A New-Age Forest Crop
Making something useful and delicious from a tree most people regard as nothing special has other potential benefits for the future too, and I've spoken with Sam a few times about it. One thing he's mentioned I find so inspiring is that hickory oil can potentially be an additional cash crop derived from maple sugar bush forests. I, like Sam, would like to imagine a future in which industrious people can tap sugar maples in the spring and collect hickory nuts for oil in the fall. Ramps (wild leeks) can also be managed in maple sugar bush forest for a forest crop trifecta.
When you add wild leeks that love to grow in the same habitat to the equation, the potential economy of the woods can be a carrot for people who might otherwise log their land, or develop it for some other purpose. Simply put, hickory oil can, and should be part of a forest-crop movement that helps us keep maple sugar bush forests the way they are for years to come.
Hickory nut oil is more subtle than something like pecan or walnut oil. When very fresh, it has a mild, delicious taste of pecan/hickory with a buttery finish. As time goes on, the oil will mellow and become more mild.
Hickory oil is more delicate than other oils too. If left at room temperature it will lose flavor its flavor and spoil faster than most other oils I've worked with. For the best flavor and shelf life it must be kept in the fridge or freezer.
Hickory oil is great for all kinds of things and can be used anywhere you'd like a mild-flavored oil.
I add it to salad dressings, but I will also cook with it for low-medium heat applications sometimes as I usually have a quart or two around.

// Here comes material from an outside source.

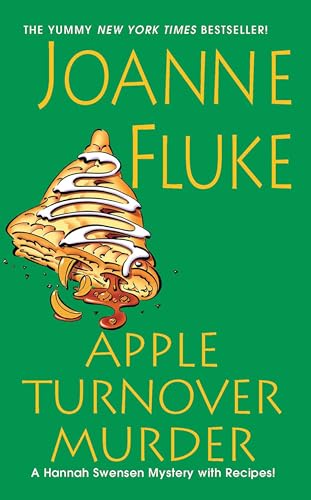 Apple Turnover Murder cover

It's expensive and mild-tasting: Why should I buy it?
Some people I've talked to have seemed to gravitate toward saying things like the above. Yes, hickory oil has a mild flavor. Yes it's more expensive than most of the other oils most people will have had.
What it's important to remember here is that you are purchasing an oil that's been pressed from wild nuts, gathered by hand, by a human, then cracked and shelled in a small, family-owned operation. In my opinion the entire foraging world owes Sam Thayer and Forager's Harvest a debt for breathing life back into the tradition of pressing hickories for oil.
Most people will probably have donated to Go Fund Me and Kickstarter at some point in time. Sam has never crowd-funded anything, but I would donate money every month to Forager's Harvest and be happy to receive nothing in return besides the knowledge that I'm contributing just a little bit to an operation and author whose words helped change my life.
Sam's books and products are the type of inspiring, bar-setting examples we need more of in the world. Getting a bottle of oil in the mail after sending them a check is just a bonus.